First, companies should become aware of their own values and goals. Only when the corporate culture is clearly defined can it be communicated to current and potential employees. Once the values and goals have been defined, they must not only be integrated into day-to-day business but also into the recruiting process. Companies should include important values in job advertisements and describe the qualities that potential employees should bring with them. They would also do well to communicate the corporate culture as early as the application process. At the same time, expectations, working methods, and guiding principles must be clearly stated and addressed. In assessments, companies can test the cognitive or situational skills of candidates or have them fill out personality questionnaires. The questions during the interview can also be adapted based on the company values. For example, recruiters could ask candidates how they would react in certain situations or what they think is particularly important in a team. Even role plays can become part of the recruiting process.

What are the advantages of values-based recruiting?

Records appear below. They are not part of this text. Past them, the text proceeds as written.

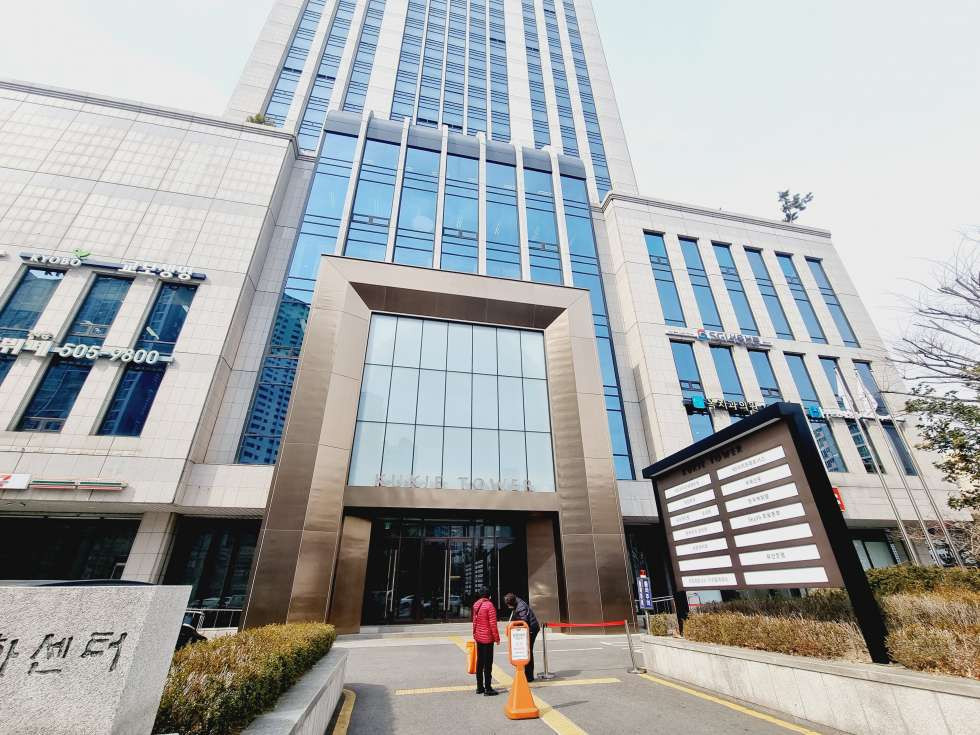 부산 연제구 거제동 교대역 랜드마크 오피스 국제빌딩 내 1층 전용 50평 월세 매물번호 16761 사진 1
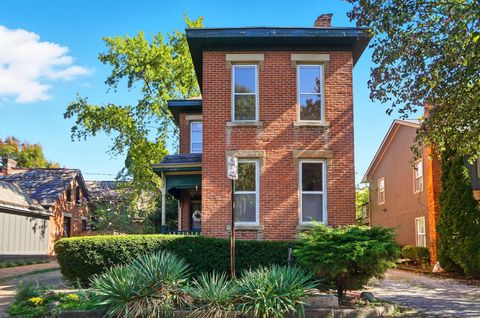 Photo of 628 S Grant Avenue, Columbus, OH 43206 (MLS # 226006024)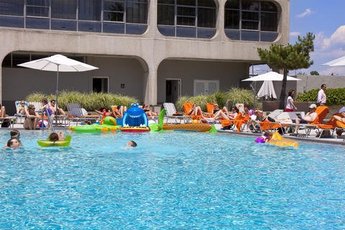 Capitol Skyline Dive-In Movie -...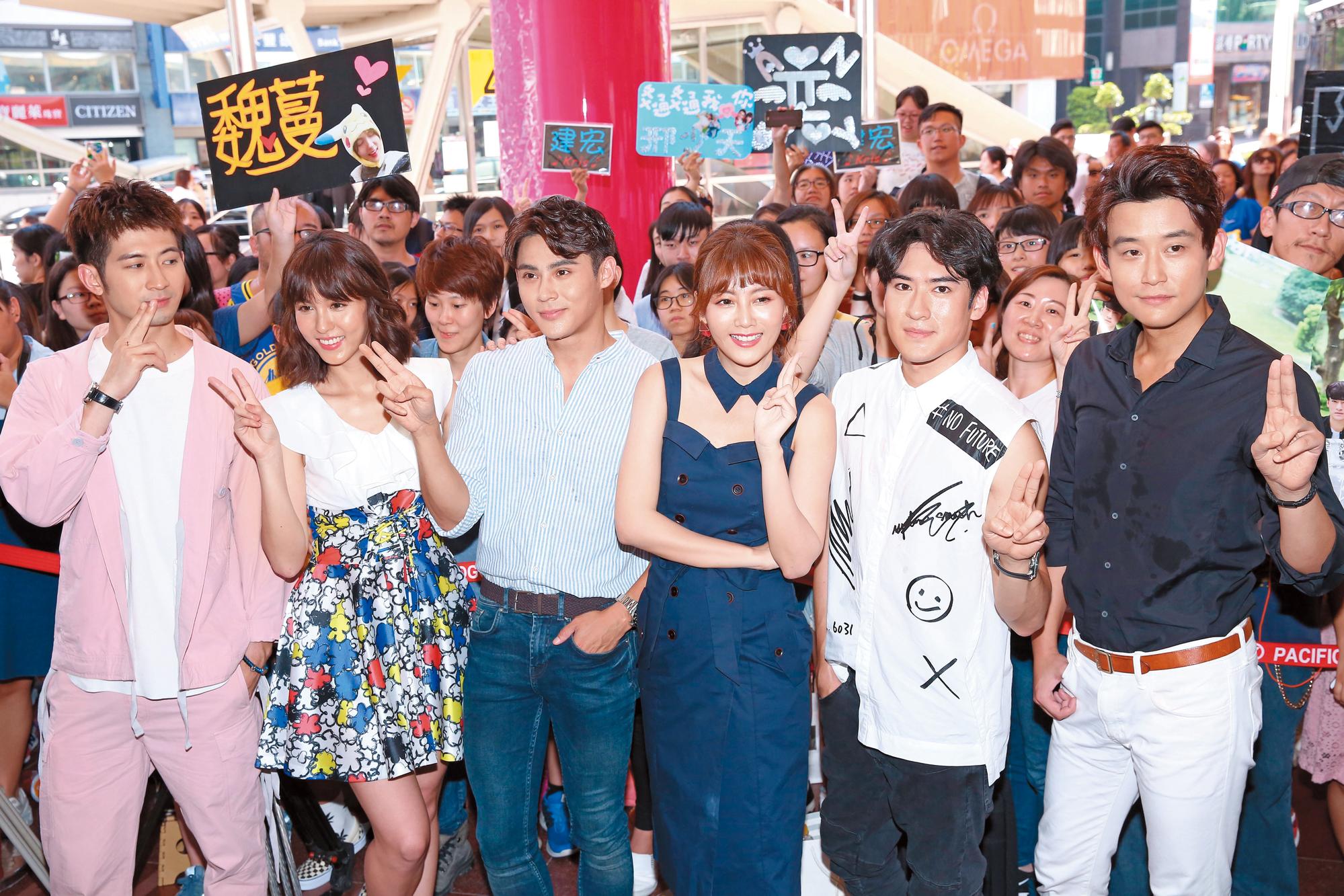 沈建宏從小當童星,主攻中國市場,今年演出三立偶像劇《噗通噗通我愛你》,喚起台灣觀眾記憶。(三立提供)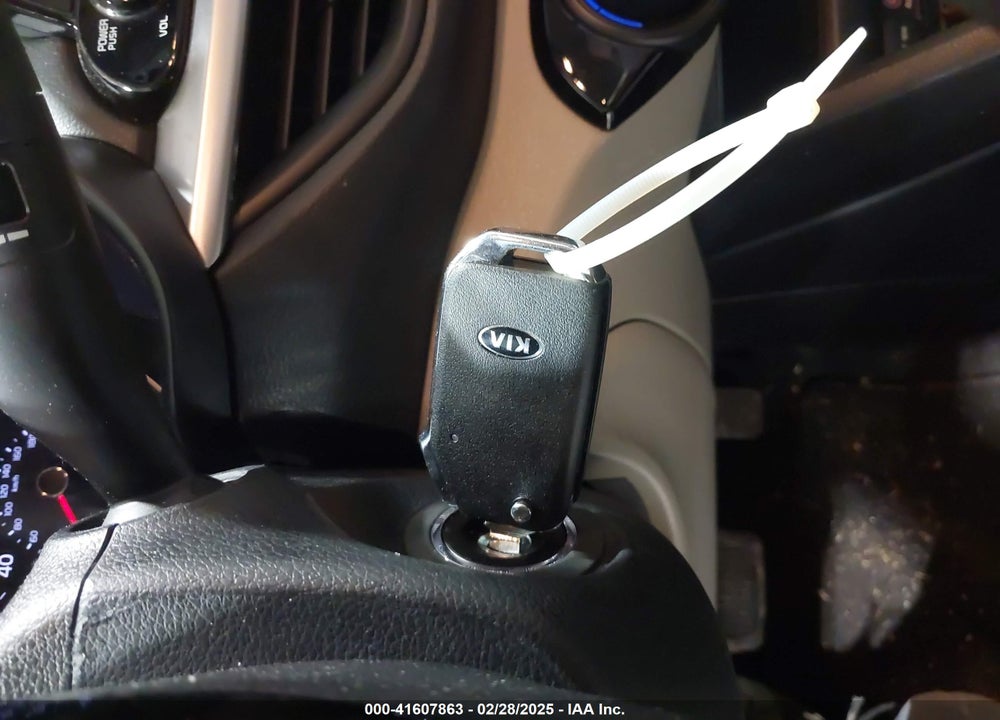 2019 KIA FORTE LXS VIN: 3KPF24AD7KE047226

Incorporating principles and values into the hiring process gives both sides the opportunity to better assess the fit between the company and the candidate. This is especially beneficial in the long run. If high pay is tempting at first, it does not sustain employee engagement and motivation for long. And this is precisely where the problem lies: studies show that only around 17% of employees in Germany are committed. Values-based recruiting can remedy this situation:

  • Visible corporate values strengthen employer branding: Companies should not only incorporate their values into the hiring process but also proactively communicate them to the outside world to position themselves as employers. For example, they can show on the website or on social media how important the corporate culture is to them and how individual values are lived out. This will give candidates a better idea of their potential working environment in advance. In the war for the best IT talent, this is a decisive competitive advantage.
  • More precise matching saves time and money: Time is money – it currently takes an average of seven months to fill a vacancy in the IT sector. These vacancies cost not only company resources but also their innovation capacity. Values-based recruiting can make matchmaking more precise from the start or help with the final decision when it comes to choosing between two candidates with equivalent skills.
  • Shared values create a motivated team: If employees share the company’s ideals and work culture, they will also pursue the same goals among themselves. This, in turn, makes it more likely that they will build closer relationships with colleagues and feel comfortable in the work environment. In addition, shared goals improve morale and reduce absenteeism because everyone cares about overcoming challenges together.
  • A positive environment leads to positive results: If employees are aware of the company culture, and more importantly if it matches their own perceptions, they will automatically be more engaged as they feel more connected to the company and want to achieve meaningful results. If employees are committed to increasing their own productivity, this also benefits the entire company and ensures satisfied customers, for example.
  • Stronger employee loyalty leads to lower turnover: According to a Gallup study, 73% of German employees expect to be working somewhere else in a year’s time. Value-based recruiting can remedy this situation and ensure that IT talent remains with the company. After all, if companies give their employees the feeling that they are valued, they tend to stay longer. Lower turnover also allows companies to invest in the professional development of talent – a win-win situation for both sides.

Final Thoughts

Values and goals can be strategically integrated into all areas of the business to improve effectiveness and strengthen employee retention. Companies would do well to make IT talent feel like they are working on meaningful projects, involve them in strategic decisions, and give them a sense of purpose. Values-based recruiting offers companies the opportunity to assess the cultural fit of candidates in advance in order to improve matchmaking, promote productivity and employee cohesion, and retain IT experts in the long term.